> **Required action**:
Please repeat exactly the lines from the one containing "Lucy Phillip - Encyclopedia" to the end of the entries below, both included, and omit all pictures.

[Crawled caption data]
┌────────
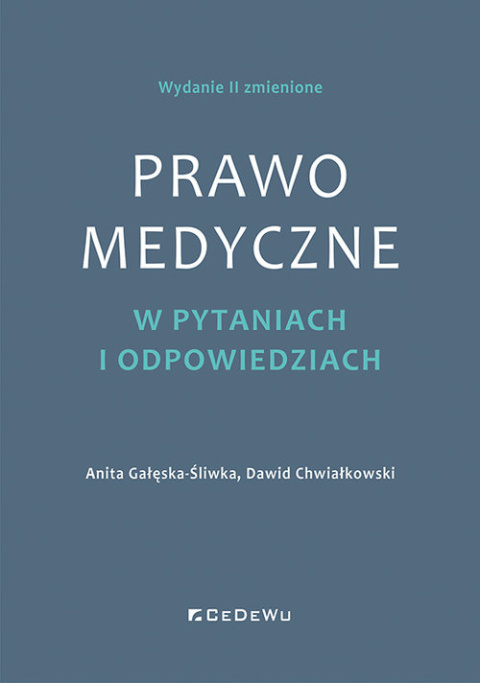 Prawo medyczne w pytaniach i odpowiedziach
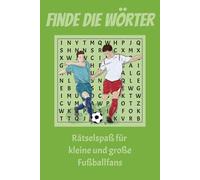 Finde die Wörter Fußball: Wortsuchrätsel zum Thema Fußball für Kinder und Erwachsene: 50 Rätsel mit Lösungen - leicht zu lesen - verschiedene ... ideal als Geschenk und Freizeitbeschäftigung
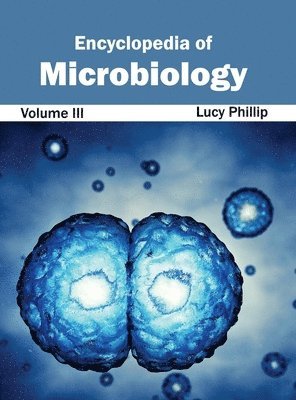 Lucy Phillip - Encyclopedia of Microbiology: Volume III, Inbunden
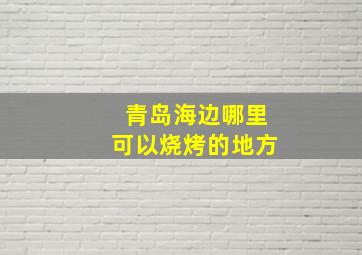 青岛海边哪里可以烧烤的地方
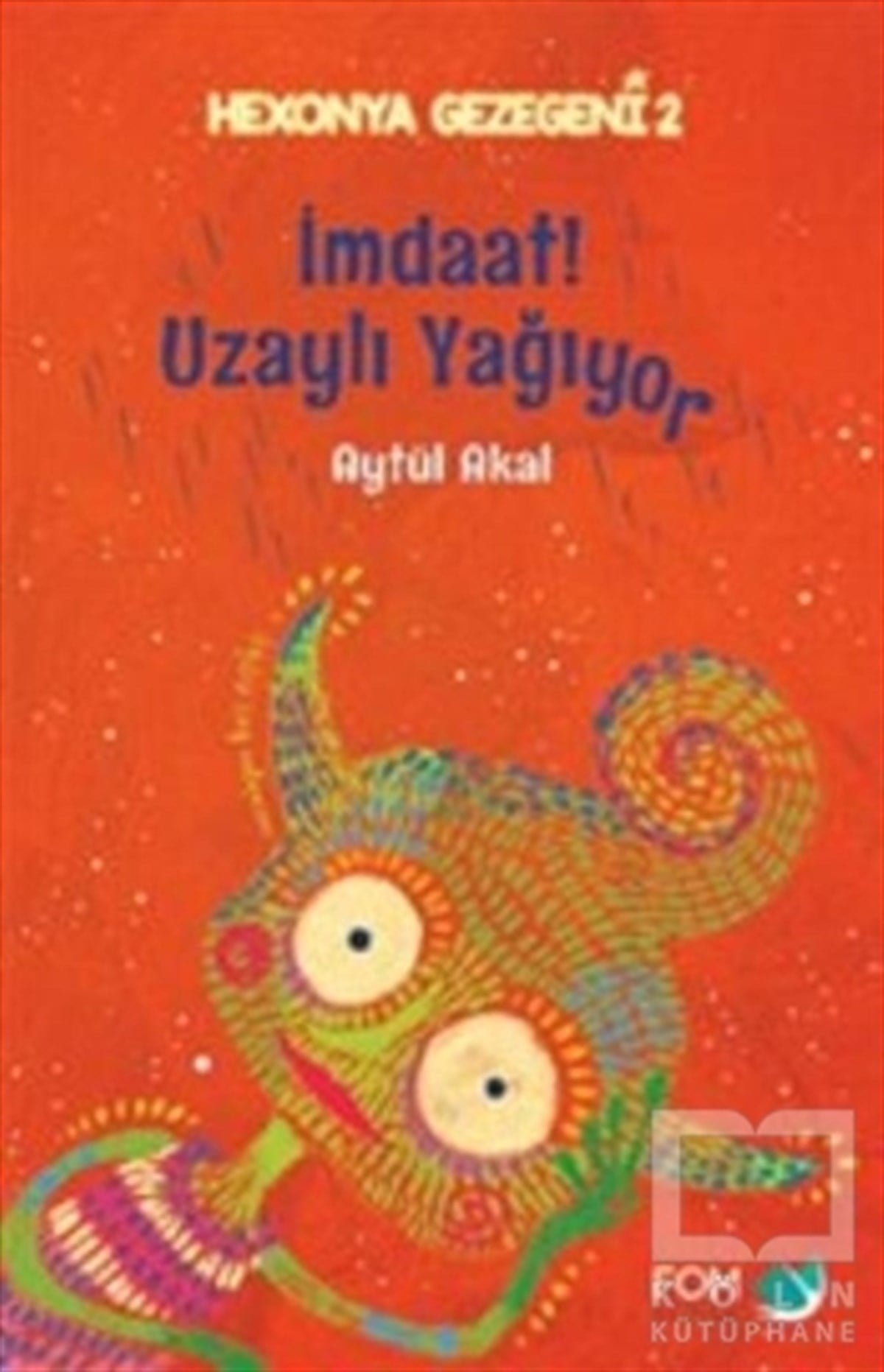 Aytül AkalRoman-Öyküİmdaat! Uzaylı Yağıyor - Hexonya Gezegeni 2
└────────
> **Exercise response**:
 Lucy Phillip - Encyclopedia of Microbiology: Volume III, Inbunden
 青岛海边哪里可以烧烤的地方
 Aytül AkalRoman-Öyküİmdaat! Uzaylı Yağıyor - Hexonya Gezegeni 2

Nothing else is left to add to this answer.